Jóvenes detenidos y hostigados por la policía en los exteriores del juicio a Navalny. (Kirill KUDRYAVTSEV/ AFP)

El arranque del juicio contra el líder opositor Alexei Navalny tras dos fines de semanas de manifestaciones exigiendo su puesta en libertad y reprimidas con miles de detenidos devuelve a la Rusia de Vladimir Putin a la actualidad informativa.

Y vuelven a perfilarse dos diagnósticos antagónicos y contrapuestos sobre lo que está ocurriendo en el gigante eurasiático.

De un lado, desde Occidente se magnifica, cuantitativa y cualitativamente, el alcance de las protestas y la respuesta, confundiendo lo que es una táctica de detenciones preventivas –masiva, eso sí– para evitar que los manifestantes se puedan siquiera congregar, con unas cargas policiales indiscriminadas que, si se han dado, han sido las menos.

Sin minimizar la grave violación del derecho a la libre manifestación que suponen tanto una como otra prácticas policiales, interesa destacar que, con su percepción exagerada, consciente o no, Occidente confunde sus deseos con la realidad y quiere ver una insurrección popular masiva en lo que no son más que protestas de una oposición minoritaria y fragmentada contra la figura omnipresente de Putin.

Esta fijación occidental es utilizada asimismo por Rusia para caricaturizar el movimiento opositor como algo exógeno, promovido desde fuera.

Es evidente que todos los países tratan de utilizar y alimentar los conflictos internos de sus rivales geopolíticos para debilitarlos.

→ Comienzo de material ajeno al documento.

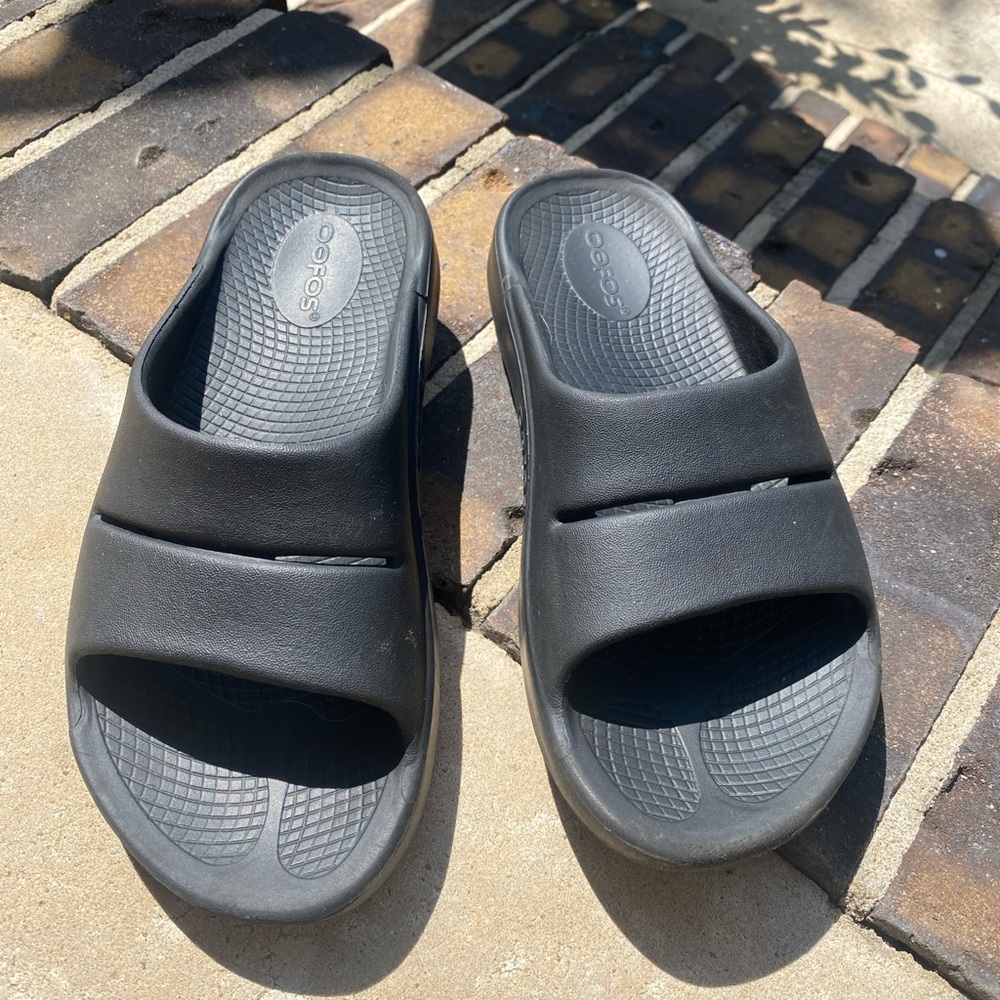 Oofos slides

Todos lo hacen, sin excepción, con mayor o menor descaro.

Al igual que todos los países agitan el fantasma de la injerencia exterior para negar problemas que tienen su origen en dinámicas internas y para ocultar sus propias debilidades.

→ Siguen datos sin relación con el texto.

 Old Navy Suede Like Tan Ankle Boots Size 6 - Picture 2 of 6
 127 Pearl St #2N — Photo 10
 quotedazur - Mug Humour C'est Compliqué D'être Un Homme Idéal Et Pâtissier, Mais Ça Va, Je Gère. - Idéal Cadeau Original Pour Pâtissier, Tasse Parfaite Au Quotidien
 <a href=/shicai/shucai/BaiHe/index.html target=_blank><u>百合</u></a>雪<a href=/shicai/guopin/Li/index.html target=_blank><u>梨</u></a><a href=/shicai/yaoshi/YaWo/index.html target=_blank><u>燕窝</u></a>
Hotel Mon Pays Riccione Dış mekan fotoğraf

Cada cual y cada quien podrá poner mil ejemplos de aplicación de ambas leyes del talión de la política internacional, y seguro que optará por aquellos que le dan la razón y refuerzan su convicciones apriorísticas.

En el caso que nos ocupa, la insistencia rusa en ver la «mano negra» de EEUU se conjuga con su determinación para cortar por lo sano unas protestas que no parecería estén en condiciones de poner en riesgo al Kremlin y, sobre todo, a un Putin que cuenta con una indudable aquiescencia de la mayor parte del electorado ruso.

Pero la aquiescencia o el consentimiento no se pueden confundir con el entusiasmo, y parece que esa mayoría silenciosa rusa apoya al poder más por falta de alternativas y, sobre todo, por el pavor que le produce el recuerdo de la gestión liquidacionista de Rusia que hicieron en lo años noventa los miembros de la nomenklatura, oportunamente convertidos al credo liberal. Navalny tenía solo 14 años cuando se hundió la URSS pero su graduado como becario en la prestigiosa Universidad de Yale le confirma como un liberal de libro.

¿A qué entonces esa histeria de Rusia, deteniendo a miles de personas nada más pisar la calle y sin darles tiempo para corear consignas pidiendo su libertad?

Detenciones que la Policía sigue practicando hoy, en el arranque de un juicio en el que se acusa a Navalny de no haber comparecido regularmente ante los juzgados por una condena en suspenso y cuando no podía hacerlo precisamente porque se hallaba convaleciente en Berlín tras haber sido enviado por Moscú después de que cayera gravemente enfermo (envenenado según él y Occidente) en un vuelo interno en Rusia.

Sobre el líder opositor pesa una condena de 3,5 años de cárcel, pese a que fue anulada por el Tribunal Europeo de Derechos Humanos porque Navalny y su hermano «fueron privados de su derecho a un juicio justo»  en un caso, además, que tiene su origen en una oscura denuncia de estafa por parte de Yves Rocher que el emporio de cosméticos francés retiró luego.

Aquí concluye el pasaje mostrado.